Abstract
Reproducible data analysis requires reproducible software installation. There are many approaches to reproducible software installation – DebianMed, Docker, homebrew-science, software modules, and others. Many work well in cloud and container-enabled environments – where the researcher has full control of a virtual machine or container host and may choose whatever software installation mechanism makes sense. However, these same approaches are less appropriate at high performance computing (HPC) centers where large centralized resources mean such freedom is unavailable. On the other hand, the HPC-centric approaches do not provide options such as ready-to-run software containers ideal for the cloud. Furthermore, some approaches are built to work with command-line scripting while others are built for specific computational platforms or deployment technologies. Here we will outline an approach that covers all of these scenarios with a great deal of flexibility – allowing for the execution of the same binaries regardless of which technologies are selected. For Galaxy in particular, this approach allows the same packages and binaries to be used inside and outside of containerized environments automatically without extra annotation in Galaxy tools.

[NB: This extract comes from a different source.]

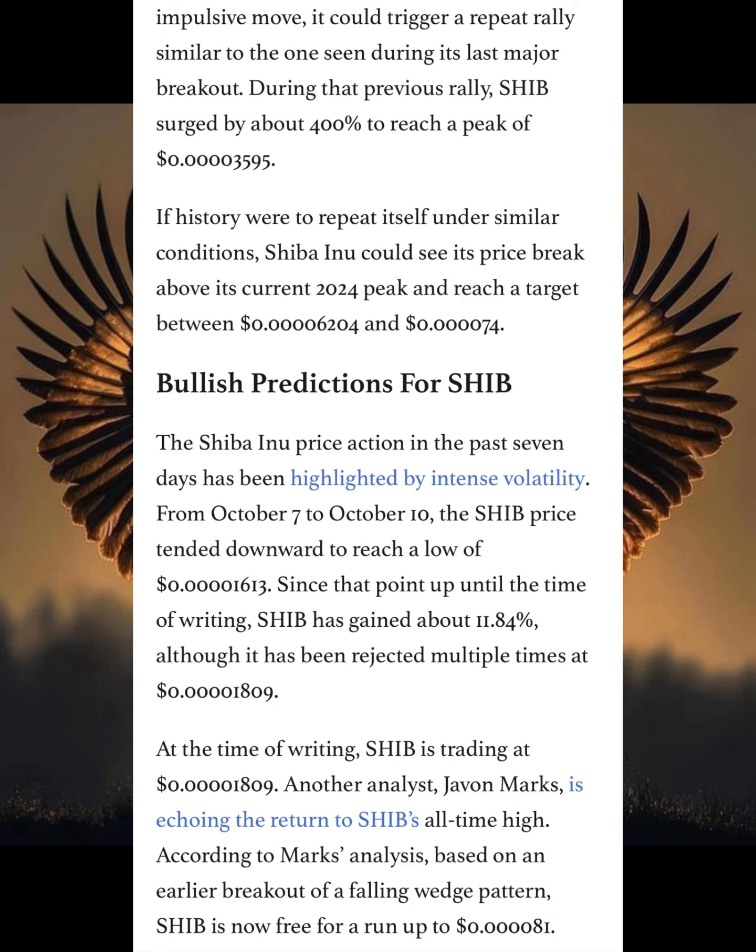Shiba Inu price action in the past seven days has been highlighted by intense volatility. From October 7th to October 10th, the Shiba Inu price trended downwards to reach a low of $40.1613. Since that point, Shiba Inu has gained 11.84%, although it has been rejected multiple times at the price of $40.1809. At the time of writing, Shiba Inu is trading at $40.1809.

This approach to reproducibility is the combination of Bioconda and BioContainers.We will update the community on progress in Bioconda adoption and demonstrate that it has improved Galaxy dependency management for both developers and deployers. We will then focus in depth on BioContainers - containerized environments built automatically from Bioconda packages and how they enable containerized tool execution across all best practice Galaxy tools without requiring extra work by tool authors or administrators.